[Opening Records provided section]
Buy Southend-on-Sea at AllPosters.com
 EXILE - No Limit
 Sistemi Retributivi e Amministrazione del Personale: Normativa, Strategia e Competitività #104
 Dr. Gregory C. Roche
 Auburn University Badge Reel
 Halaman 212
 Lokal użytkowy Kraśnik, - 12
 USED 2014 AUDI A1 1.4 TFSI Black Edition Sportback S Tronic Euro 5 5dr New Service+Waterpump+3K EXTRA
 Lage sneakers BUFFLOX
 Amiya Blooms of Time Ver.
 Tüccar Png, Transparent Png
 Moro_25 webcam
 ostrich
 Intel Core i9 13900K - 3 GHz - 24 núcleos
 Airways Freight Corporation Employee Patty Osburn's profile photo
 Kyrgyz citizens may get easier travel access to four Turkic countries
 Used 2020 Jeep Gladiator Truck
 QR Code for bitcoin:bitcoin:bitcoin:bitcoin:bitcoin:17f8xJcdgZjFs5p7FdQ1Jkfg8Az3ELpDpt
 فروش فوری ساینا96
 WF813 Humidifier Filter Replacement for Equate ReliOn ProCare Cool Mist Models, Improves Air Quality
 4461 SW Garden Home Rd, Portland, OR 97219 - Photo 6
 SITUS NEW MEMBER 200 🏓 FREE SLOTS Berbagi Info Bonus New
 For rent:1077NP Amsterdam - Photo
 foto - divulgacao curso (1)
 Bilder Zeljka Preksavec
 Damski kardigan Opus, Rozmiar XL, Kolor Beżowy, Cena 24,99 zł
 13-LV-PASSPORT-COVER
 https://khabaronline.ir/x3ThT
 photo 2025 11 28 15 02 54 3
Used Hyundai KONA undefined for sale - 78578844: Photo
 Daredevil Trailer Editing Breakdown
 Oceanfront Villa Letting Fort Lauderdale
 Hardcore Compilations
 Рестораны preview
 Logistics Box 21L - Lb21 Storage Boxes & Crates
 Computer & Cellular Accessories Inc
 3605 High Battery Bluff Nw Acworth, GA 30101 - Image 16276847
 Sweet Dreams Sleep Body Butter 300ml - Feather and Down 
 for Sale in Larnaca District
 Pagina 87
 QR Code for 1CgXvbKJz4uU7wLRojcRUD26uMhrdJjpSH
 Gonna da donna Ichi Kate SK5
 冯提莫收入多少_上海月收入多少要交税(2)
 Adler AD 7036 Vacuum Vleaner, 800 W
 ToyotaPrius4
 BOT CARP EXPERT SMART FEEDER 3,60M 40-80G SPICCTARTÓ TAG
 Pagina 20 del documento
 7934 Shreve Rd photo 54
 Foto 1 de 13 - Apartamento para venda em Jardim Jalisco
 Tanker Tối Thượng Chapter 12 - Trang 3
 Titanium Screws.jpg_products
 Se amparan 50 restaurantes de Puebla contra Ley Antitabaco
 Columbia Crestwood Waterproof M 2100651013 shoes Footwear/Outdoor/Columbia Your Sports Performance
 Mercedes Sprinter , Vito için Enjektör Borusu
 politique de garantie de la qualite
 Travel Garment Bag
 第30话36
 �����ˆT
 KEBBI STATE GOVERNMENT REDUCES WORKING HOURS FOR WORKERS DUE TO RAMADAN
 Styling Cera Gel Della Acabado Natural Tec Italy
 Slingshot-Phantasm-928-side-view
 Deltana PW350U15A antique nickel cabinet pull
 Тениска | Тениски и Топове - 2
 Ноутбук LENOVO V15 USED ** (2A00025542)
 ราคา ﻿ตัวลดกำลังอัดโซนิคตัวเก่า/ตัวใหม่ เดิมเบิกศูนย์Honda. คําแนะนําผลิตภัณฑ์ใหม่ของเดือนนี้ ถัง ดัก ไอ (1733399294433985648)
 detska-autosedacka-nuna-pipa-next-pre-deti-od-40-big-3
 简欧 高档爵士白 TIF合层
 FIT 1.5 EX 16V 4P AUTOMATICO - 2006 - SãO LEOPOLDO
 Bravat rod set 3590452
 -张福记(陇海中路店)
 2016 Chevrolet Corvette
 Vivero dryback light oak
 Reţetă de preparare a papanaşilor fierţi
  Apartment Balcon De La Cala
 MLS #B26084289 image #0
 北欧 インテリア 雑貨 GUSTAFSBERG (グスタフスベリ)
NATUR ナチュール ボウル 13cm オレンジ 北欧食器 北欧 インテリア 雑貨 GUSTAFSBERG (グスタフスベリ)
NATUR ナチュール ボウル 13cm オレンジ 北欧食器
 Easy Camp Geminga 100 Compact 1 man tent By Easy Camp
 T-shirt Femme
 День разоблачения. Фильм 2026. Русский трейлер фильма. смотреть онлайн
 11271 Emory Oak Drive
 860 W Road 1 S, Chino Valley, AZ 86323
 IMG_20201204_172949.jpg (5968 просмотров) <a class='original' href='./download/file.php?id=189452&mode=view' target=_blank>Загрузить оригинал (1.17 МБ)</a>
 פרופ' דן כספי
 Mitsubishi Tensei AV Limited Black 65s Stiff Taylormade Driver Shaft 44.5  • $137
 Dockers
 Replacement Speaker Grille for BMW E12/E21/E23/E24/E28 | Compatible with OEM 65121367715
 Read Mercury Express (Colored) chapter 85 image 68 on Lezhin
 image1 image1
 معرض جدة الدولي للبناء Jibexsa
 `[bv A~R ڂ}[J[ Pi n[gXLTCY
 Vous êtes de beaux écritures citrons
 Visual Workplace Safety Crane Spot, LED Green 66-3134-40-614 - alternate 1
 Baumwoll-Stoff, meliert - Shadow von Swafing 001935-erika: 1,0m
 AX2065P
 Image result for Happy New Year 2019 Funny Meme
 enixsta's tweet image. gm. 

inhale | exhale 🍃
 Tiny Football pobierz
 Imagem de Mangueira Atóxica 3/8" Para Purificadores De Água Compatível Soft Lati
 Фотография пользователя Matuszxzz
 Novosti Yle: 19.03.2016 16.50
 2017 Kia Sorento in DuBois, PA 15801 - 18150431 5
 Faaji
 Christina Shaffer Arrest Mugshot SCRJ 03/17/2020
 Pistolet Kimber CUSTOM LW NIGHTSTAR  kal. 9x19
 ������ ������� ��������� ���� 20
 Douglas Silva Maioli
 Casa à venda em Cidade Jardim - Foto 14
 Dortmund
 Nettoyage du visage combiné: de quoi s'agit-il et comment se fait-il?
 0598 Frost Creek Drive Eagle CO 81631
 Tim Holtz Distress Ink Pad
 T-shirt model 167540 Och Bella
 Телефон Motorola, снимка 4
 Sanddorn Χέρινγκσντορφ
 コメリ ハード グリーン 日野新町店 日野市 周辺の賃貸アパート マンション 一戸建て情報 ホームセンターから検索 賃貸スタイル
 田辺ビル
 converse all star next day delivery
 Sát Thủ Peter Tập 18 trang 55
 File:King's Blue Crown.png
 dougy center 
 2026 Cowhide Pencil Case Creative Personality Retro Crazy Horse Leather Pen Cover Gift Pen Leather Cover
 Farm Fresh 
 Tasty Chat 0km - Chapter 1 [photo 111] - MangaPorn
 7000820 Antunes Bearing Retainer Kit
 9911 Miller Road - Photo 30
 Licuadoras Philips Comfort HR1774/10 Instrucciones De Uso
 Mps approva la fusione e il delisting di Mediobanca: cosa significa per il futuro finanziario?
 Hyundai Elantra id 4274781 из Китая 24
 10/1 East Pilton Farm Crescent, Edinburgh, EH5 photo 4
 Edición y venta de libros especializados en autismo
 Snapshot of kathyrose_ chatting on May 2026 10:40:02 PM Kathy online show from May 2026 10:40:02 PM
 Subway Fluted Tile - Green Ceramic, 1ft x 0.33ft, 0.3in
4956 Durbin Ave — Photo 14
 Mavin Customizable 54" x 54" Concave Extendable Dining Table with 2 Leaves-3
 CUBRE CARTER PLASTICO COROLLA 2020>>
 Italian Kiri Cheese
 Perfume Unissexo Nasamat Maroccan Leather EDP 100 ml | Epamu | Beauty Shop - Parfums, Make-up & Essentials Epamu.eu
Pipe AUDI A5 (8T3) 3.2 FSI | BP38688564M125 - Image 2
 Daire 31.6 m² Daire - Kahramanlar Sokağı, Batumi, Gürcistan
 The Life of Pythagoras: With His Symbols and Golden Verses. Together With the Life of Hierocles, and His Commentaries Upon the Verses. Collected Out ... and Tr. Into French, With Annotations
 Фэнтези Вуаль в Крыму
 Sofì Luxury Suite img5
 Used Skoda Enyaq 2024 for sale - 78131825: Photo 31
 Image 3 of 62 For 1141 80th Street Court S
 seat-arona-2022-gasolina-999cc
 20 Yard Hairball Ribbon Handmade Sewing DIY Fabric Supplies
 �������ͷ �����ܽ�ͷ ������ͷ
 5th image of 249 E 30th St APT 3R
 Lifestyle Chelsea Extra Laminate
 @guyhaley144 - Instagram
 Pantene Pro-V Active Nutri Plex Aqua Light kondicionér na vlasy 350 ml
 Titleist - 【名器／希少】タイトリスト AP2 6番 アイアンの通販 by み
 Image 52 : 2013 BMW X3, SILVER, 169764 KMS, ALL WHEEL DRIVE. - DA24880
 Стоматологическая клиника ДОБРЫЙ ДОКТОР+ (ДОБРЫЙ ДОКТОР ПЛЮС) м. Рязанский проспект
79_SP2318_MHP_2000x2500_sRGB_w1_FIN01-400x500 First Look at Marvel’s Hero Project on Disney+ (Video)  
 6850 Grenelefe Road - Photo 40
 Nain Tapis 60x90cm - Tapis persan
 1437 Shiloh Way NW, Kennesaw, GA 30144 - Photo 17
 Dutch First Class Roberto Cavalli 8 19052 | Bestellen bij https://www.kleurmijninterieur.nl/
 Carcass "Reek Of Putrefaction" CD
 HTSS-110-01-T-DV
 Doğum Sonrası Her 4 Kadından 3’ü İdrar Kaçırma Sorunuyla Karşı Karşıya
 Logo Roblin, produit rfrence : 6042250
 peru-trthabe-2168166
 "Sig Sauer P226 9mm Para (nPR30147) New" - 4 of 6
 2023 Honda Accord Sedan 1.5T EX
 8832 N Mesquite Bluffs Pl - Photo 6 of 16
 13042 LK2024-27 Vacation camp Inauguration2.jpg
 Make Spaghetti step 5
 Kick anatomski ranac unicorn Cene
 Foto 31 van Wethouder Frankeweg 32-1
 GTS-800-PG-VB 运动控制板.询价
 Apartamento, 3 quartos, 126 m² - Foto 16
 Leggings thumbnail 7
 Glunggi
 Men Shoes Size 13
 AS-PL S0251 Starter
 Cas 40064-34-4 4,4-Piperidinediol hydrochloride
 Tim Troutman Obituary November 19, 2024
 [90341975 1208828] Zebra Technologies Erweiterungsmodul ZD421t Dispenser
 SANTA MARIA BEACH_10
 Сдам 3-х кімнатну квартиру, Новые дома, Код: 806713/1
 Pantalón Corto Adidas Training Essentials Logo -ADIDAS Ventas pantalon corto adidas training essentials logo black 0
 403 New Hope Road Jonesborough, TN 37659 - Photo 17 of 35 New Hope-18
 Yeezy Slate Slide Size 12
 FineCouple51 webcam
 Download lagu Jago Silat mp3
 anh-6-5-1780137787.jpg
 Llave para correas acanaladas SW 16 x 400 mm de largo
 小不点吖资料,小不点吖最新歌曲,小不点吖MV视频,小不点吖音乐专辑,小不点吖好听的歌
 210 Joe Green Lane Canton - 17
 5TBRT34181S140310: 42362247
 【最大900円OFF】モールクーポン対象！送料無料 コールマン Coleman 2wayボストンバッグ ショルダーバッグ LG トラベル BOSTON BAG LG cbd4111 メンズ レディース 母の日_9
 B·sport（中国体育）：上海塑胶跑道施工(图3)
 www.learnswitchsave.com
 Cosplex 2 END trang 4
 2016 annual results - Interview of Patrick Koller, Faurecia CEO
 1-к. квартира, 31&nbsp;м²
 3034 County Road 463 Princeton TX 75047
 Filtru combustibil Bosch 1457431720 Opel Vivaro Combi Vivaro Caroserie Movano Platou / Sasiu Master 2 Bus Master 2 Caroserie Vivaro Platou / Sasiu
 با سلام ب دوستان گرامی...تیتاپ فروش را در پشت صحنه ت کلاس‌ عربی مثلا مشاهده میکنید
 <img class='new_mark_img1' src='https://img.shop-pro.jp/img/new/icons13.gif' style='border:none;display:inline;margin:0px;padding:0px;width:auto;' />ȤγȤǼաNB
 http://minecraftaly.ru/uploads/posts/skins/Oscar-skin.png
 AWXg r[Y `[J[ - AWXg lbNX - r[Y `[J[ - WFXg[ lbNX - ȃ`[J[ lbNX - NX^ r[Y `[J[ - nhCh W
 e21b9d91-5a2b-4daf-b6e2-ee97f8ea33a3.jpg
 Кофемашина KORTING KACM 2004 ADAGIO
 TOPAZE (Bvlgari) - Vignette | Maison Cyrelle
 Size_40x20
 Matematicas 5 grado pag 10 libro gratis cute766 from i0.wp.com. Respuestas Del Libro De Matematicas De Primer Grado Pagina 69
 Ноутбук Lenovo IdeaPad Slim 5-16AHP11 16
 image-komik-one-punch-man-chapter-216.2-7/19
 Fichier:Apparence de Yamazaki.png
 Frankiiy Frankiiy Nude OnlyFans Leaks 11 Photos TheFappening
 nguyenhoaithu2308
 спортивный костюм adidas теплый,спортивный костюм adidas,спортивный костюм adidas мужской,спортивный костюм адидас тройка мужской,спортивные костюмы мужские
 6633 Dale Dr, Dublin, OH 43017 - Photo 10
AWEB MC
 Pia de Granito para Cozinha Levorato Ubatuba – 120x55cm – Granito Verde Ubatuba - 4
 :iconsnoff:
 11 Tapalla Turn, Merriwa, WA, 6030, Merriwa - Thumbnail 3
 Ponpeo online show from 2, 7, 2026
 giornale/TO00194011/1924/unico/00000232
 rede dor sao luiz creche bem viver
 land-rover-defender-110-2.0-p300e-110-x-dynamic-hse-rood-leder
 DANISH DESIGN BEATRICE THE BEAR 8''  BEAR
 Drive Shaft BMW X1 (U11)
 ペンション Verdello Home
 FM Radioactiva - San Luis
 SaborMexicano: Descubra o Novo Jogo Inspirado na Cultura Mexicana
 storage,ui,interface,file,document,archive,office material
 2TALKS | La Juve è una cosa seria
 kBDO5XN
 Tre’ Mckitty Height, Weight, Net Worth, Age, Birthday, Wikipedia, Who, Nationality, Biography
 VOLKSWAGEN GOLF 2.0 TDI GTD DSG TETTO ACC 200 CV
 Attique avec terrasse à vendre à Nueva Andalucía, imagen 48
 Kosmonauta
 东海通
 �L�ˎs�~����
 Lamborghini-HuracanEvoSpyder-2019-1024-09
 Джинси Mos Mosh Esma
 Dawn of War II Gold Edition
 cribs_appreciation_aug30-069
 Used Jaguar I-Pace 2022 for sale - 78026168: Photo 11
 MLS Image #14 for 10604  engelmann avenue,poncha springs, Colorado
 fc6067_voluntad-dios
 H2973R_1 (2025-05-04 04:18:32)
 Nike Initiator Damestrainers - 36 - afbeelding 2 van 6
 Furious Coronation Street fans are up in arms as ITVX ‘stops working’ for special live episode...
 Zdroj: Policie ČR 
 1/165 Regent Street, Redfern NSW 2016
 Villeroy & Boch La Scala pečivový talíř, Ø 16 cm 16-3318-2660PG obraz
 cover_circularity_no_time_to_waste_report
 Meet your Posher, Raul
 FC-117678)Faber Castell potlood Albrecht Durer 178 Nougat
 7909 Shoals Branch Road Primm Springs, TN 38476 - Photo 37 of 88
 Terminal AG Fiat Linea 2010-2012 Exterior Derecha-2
[Closing Records provided section]
§ Task description: Only the lines from the one containing "with 2 Leaves-3" through the one containing "Pipe AUDI A5" are to be retyped, both boundary lines included, with no other material.

§ Result for this exercise:
 Mavin Customizable 54" x 54" Concave Extendable Dining Table with 2 Leaves-3
 CUBRE CARTER PLASTICO COROLLA 2020>>
 Italian Kiri Cheese
 Perfume Unissexo Nasamat Maroccan Leather EDP 100 ml | Epamu | Beauty Shop - Parfums, Make-up & Essentials Epamu.eu
Pipe AUDI A5 (8T3) 3.2 FSI | BP38688564M125 - Image 2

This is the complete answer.